For those who rely on it most—people of color, seniors, and working men and women —safe, reliable, and affordable public transportation can be a ladder to opportunity connecting them to employment, education, and other essential services such as health care.
But few of these benefits are routinely considered when states or municipalities consider transportation investments. All too often, an investment’s potential performance is gauged in miles of road built, not in the benefits delivered to communities. Current transportation policy tends to favor the needs of more affluent suburban communities often at the expense of the needs of low-wealth urban communities. For too long, inadequate measures of success have led to investment decisions that do not account for the all of society’s transportation needs, often creating structural barriers that prevent many low- and moderate-wealth households from accessing economic opportunity.
Surdna believes that transportation systems and land use patterns are fundamental building blocks of a sustainable community, and it is supporting organizations such as Public Advocates and Urban Habitat that are working with the regional planning agency in the Bay Area to develop policies that prioritize equity. These nonprofits are articulating and arguing for performance measures that encompass economic inclusion and competitiveness, reduced energy consumption, and access to opportunity. They are reorienting transportation and land use policies by engaging low-wealth communities and communities of color—those people most affected by the region’s transportation and land use planning and investment decisions—to ensure that their priorities are driving the agenda.
The billions of public dollars spent on public transit systems can also create quality jobs and more opportunity for low-wealth people helping America make good on its promise of equal access to economic opportunity. To encourage state and local transit agencies to create good American jobs with the contracts they award to bus and rail manufacturing companies, Surdna is supporting a national coalition to leverage the approximately $5.4 billion in annual transportation spending.
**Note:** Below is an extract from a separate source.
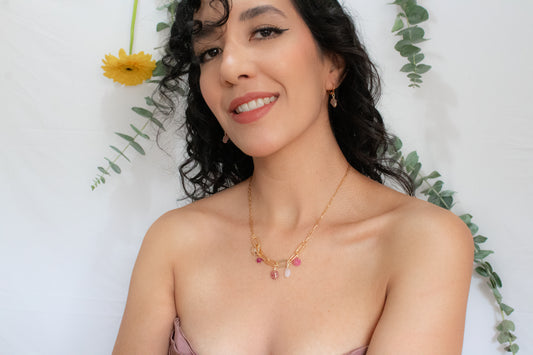 Fuego. Collar con turmalina, jade, cuarzo rosa y rubí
Due in part to the efforts of Surdna grantees such as the Los Angeles Alliance for a New Economy and Jobs With Justice, the Chicago Transit Authority’s $2 billion railcar contract was awarded partly on the basis of the American jobs it will create.
Beneficiaries of new transit manufacturing jobs, like Ana and Luis, both Salvadoran immigrants and now U.S. citizens working at quality jobs offering benefits—manufacturing buses for New Flyer in Minnesota—demonstrate that public contracts can create cleaner, more efficient buses and trains, as well as drive domestic economic growth and opportunity in the transportation sector.